*** Begin section ***
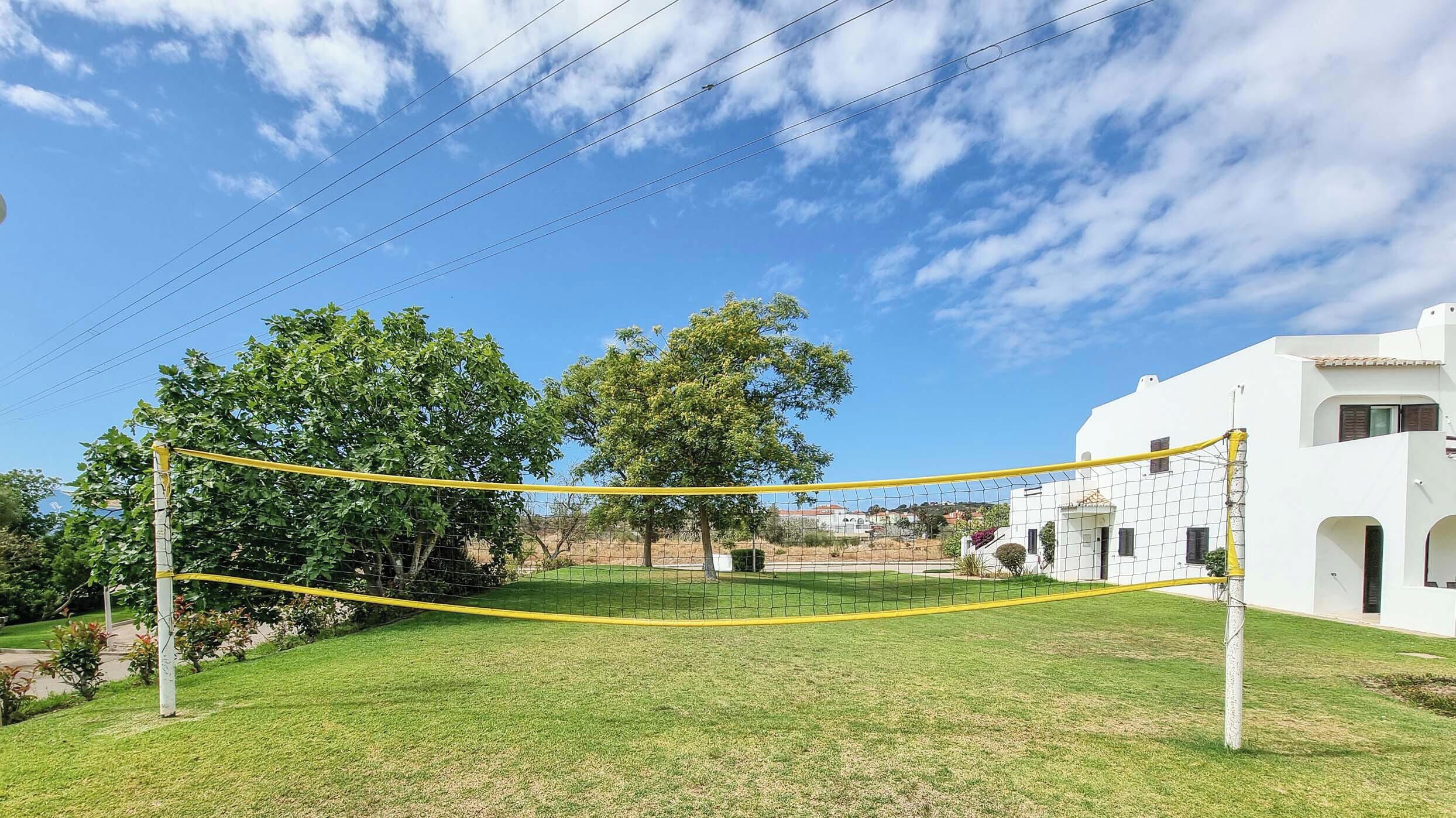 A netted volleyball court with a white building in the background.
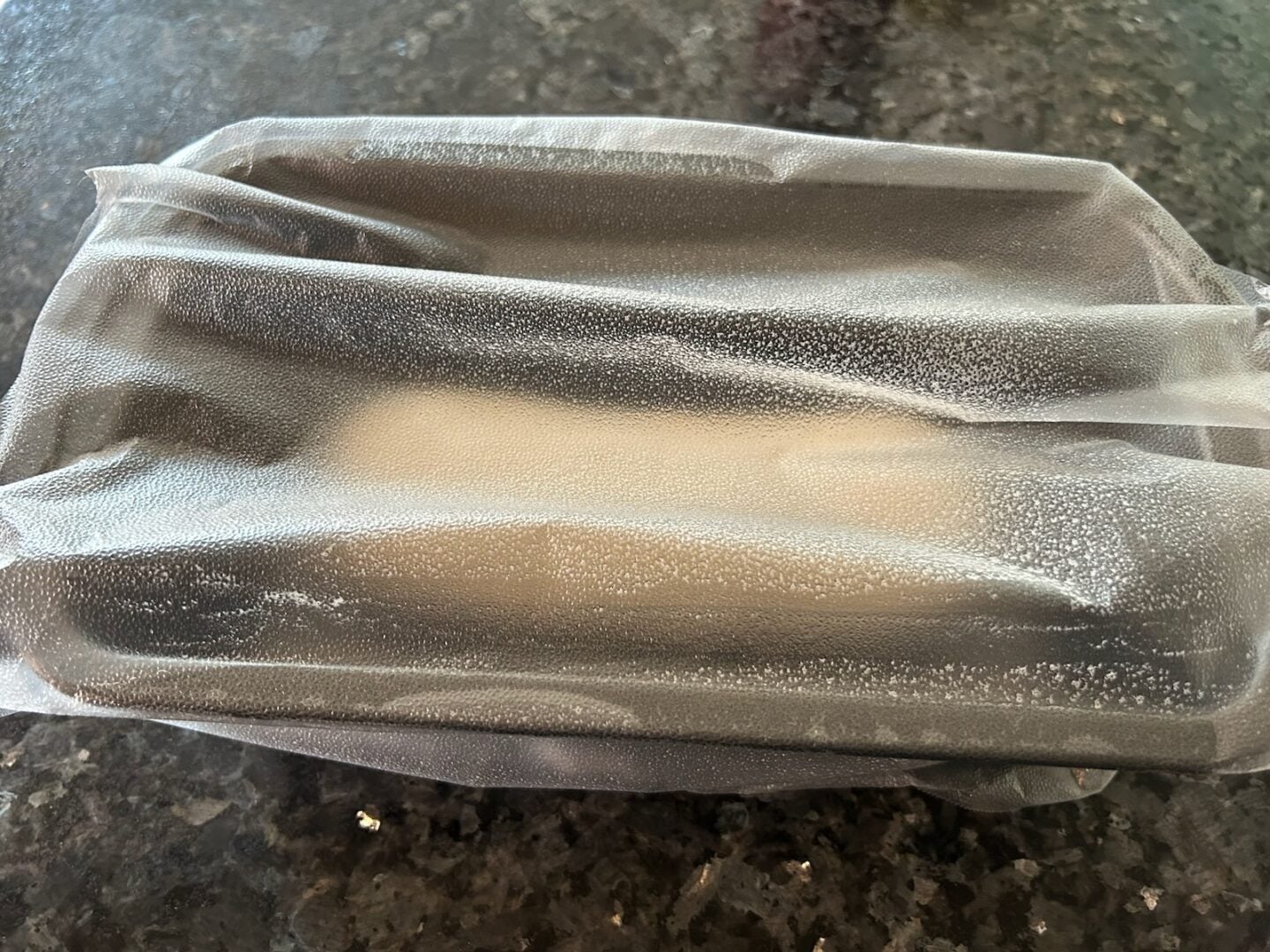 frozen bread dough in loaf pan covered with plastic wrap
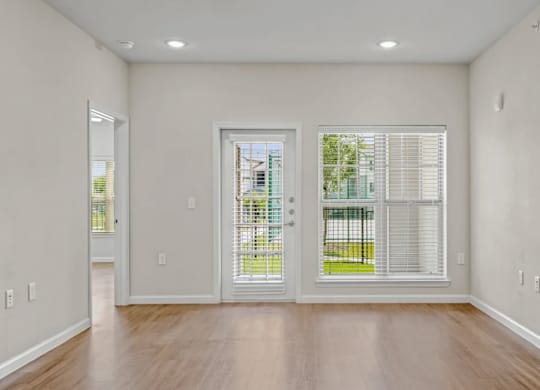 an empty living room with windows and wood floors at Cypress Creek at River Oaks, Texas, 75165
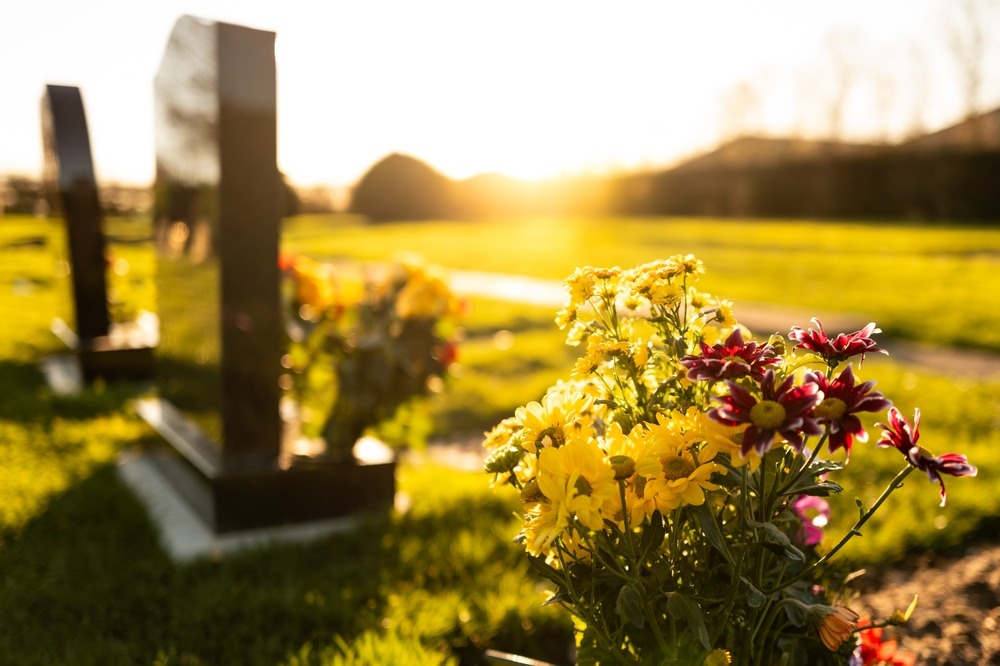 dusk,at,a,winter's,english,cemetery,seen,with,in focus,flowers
*** End section ***
▶ Work instructions: Please set down each line of the listing above word for word, skipping any pictures.

▶ Output for this task:
 A netted volleyball court with a white building in the background.
 frozen bread dough in loaf pan covered with plastic wrap
 an empty living room with windows and wood floors at Cypress Creek at River Oaks, Texas, 75165
 dusk,at,a,winter's,english,cemetery,seen,with,in focus,flowers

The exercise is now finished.